Similar commentary appeared in response to Action News’ Internet coverage of the Tuesday morning Oroville event. “Maybe if they had jobs there would be no protest! I say give Zimmerman an award [as] community watch man of the year!” one Oroville man said.

Jack Lee, author of Post Scripts at the Chico Enterprise-Record-hosted NorCal Blogs, has been critical of Martin supporters since the shooting first made headlines in February 2012. On July 20, the same day as the Chico protests, he wrote a piece sarcastically titled “Cultural Awareness Follows Zimmerman Verdict,” focusing on acts of black-on-white violence that have allegedly occurred since the ruling. Below a picture of a number of African-Americans climbing on a moving vehicle, he added the caption “Numerous cultural activists attempt to open a dialogue with passing motorists in L.A.”
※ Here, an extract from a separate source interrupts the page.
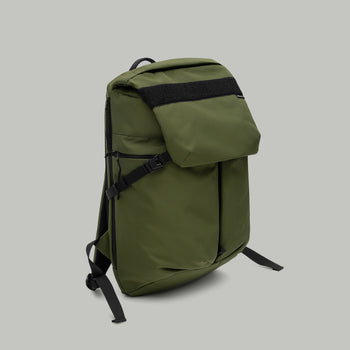 F28 Backpack Gen.3 RD-F28B_GEN.3 KHAKI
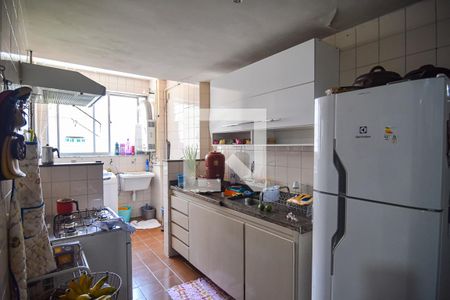 Apartamento para alugar com 110m², 4 quartos e 1 vagaCozinha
There was none of the violence suggested by Internet trolls at the Chico or Oroville events. Instead, at the City Plaza gathering, a racially mixed group met to commiserate over feelings that the ruling was unjust, symptomatic of a broken justice system and a society in which racism is still a factor. Local pastors, peaceniks, students and other community members delivered sometimes solemn, sometimes fiery speeches before huddling together to bow their heads and pray for justice. The crowd joined together in singing “We Shall Overcome” and headed east down Fourth Street to circle City Hall several times.

Among the speakers at the Chico evening event—and the primary organizer of the Oroville march—was Butte County NAACP President Irma Jordan. Jordan was present at the NAACP’s 104th annual National Convention in Orlando, Fla., when the Zimmerman verdict was handed down.

“It was awful,” she recalled. “We were mostly scattered in different meetings and workshops at the time, but wherever you were, you could feel it—this shared shock and disbelief. It was like someone had ripped everyone’s hearts out.”

Jordan said NAACP National President Benjamin Jealous called an emergency meeting of all members at the convention to immediately start gathering—in person and via the Internet—signatures for a petition calling on the U.S. Department of Justice to prosecute Zimmerman on civil-rights charges. The goal was to have a million signatures by the time U.S. Attorney General Eric Holder arrived to speak at the convention July 16, a goal the organization met. The Justice Department is weighing the case, and on Monday (July 22) collected all of the trial evidence from the state of Florida.

Jordan said NAACP chapter presidents were given orders on how to proceed upon returning to their own communities in response to the ruling. She explained that much of their focus is on changing existing “stand-your-ground” laws and racial-profiling tactics through legislation. She returned to Butte County July 18 and began organizing the Oroville march and future events.

“We want to let the community know we’ve got work to do and how we can do it, and start getting things accomplished,” Jordan said. “It has to be advocacy work that changes laws. It doesn’t do any good to take to the streets and burn stuff up, turn over police cars and break up people’s property.”

To this end, attendees at Tuesday’s march were given a “toolkit”—a packet full of information on whom to contact and how to advocate legislative change.

And though Jordan stresses the NAACP is all about nonviolence, community empowerment and a greater dialogue for all people, she also feels that people are entitled to a little righteous anger.

“People need to hear that this is wrong,” she said. “They can’t expect people to stay calm, calm, calm all the time when they’re being dogged out, when they’re not being treated like everybody else.”